You’ve taken the chance and started your own business. As the only employee, you’re responsible for everything. You’ve reached the point where you’re working 60+ hours per week, yet you can’t afford to take time off because your business requires constant attention. It’s clear it’s time to expand and you need to hire someone. But still, you have doubts. Are you sure it’s time to hire? What role should the new hire play in your company? And, most important, who should you hire?
Your first decision on who to hire can be the most important decision in growing your business. Think about any weaknesses you may have, and what areas of your business are lacking attention. Do you need a bookkeeper? Tech? Salesperson? Or do you choose the more-costly option and duplicate yourself? To make it easy on yourself, your first hire should be someone who generates revenue. Otherwise, you’ll be the only one carrying the financial load for the whole company.
Make sure you have some money in the bank because it will take a few months or more for new employees to generate enough revenue to cover their costs. Remember that we recommend having at least three months of salary socked away when you’re onboarding a new salesperson. Since the bulk of a salesperson’s salary is commission-based, you’ll need to give them at least three months to ramp up their commission. Follow the same theory when you hire your first few employees.

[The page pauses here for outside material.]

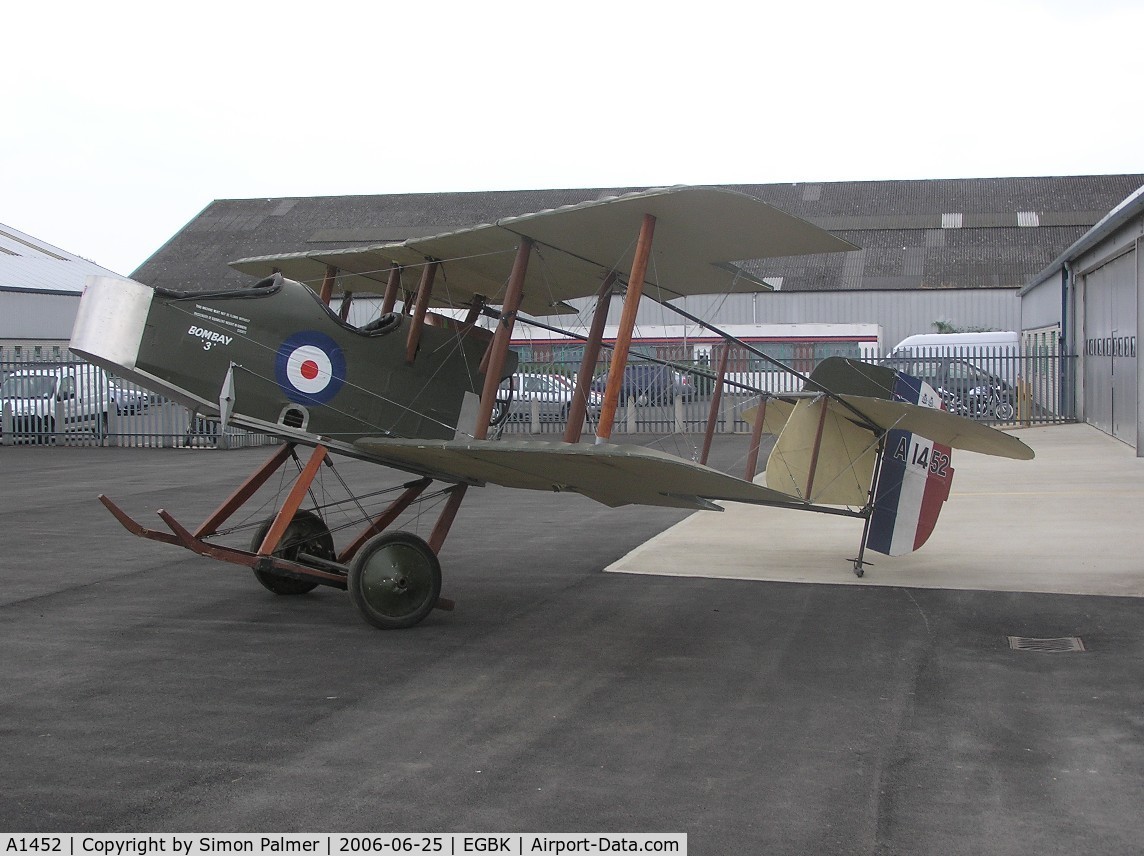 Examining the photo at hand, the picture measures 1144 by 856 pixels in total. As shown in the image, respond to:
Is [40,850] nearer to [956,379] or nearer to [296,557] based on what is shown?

Get them to the point where they’re generating enough revenue to cover their costs; then, once that person is generating close to double their costs it’s time to find your next hire. Before you know it, you’ll have a building full of employees.
But who should your first hire be? For MSP growth, we recommend that you replicate yourself first. Bring on someone who can do everything you do, and hopefully more. This is a huge decision for you so take your time and hire the right person. Follow the steps below to help you hire the right people at the right times.
When you bring unknown people into your company, you’ll need to have a certain level of trust toward all of them. You’ll trust that they are bringing certain job skills with them. Trust that they will interact well with your clients. And trust them with your business information; contacts, vendors, and financial info. Take your time and don’t rush to hire someone you’re not sure about. And if a new hire smells fishy early on, don’t hesitate to let them go. Remember the motto: hire slowly and fire quickly.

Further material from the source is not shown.